> [To do]: Leave every picture out and return the rest of the listing verbatim.

> [Collected material]:
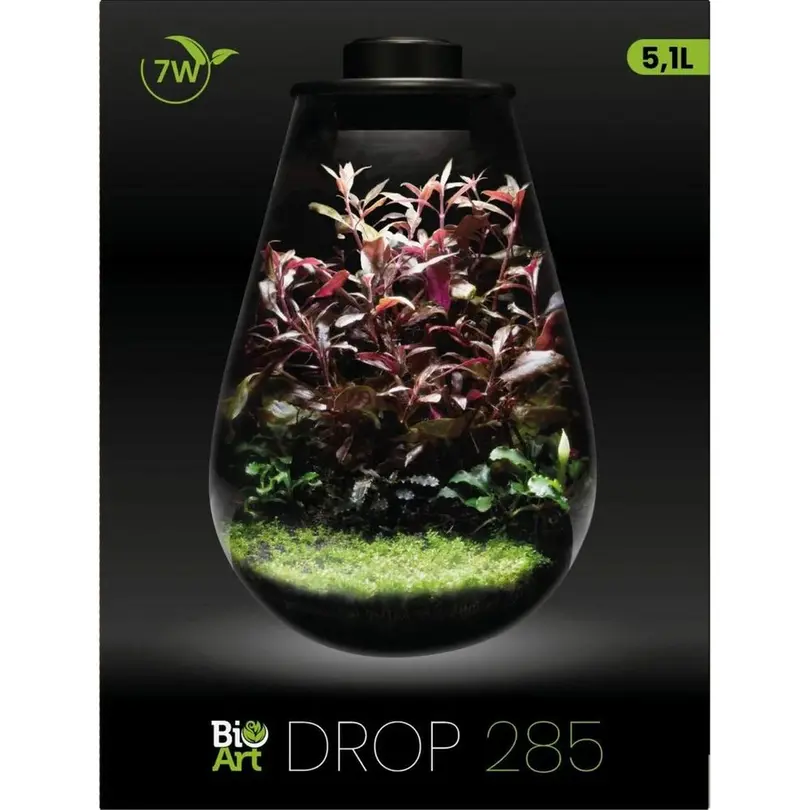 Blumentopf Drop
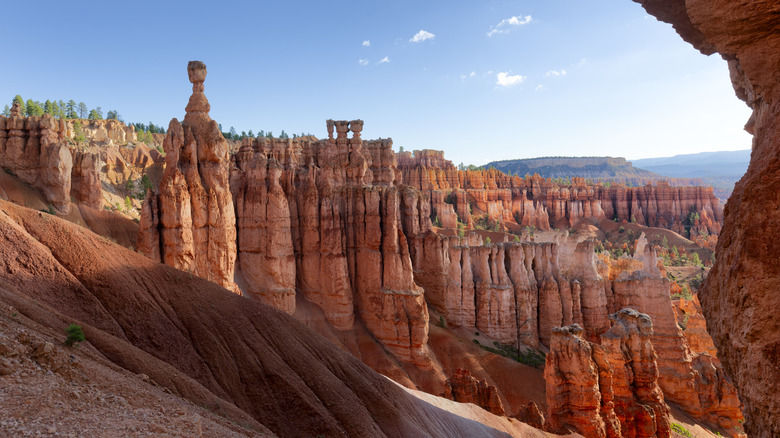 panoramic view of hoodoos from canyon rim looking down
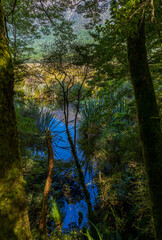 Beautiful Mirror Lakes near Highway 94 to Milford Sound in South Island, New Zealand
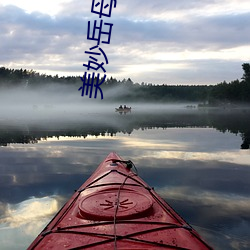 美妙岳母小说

> [Your response]:
 Blumentopf Drop
 panoramic view of hoodoos from canyon rim looking down
 Beautiful Mirror Lakes near Highway 94 to Milford Sound in South Island, New Zealand
 美妙岳母小说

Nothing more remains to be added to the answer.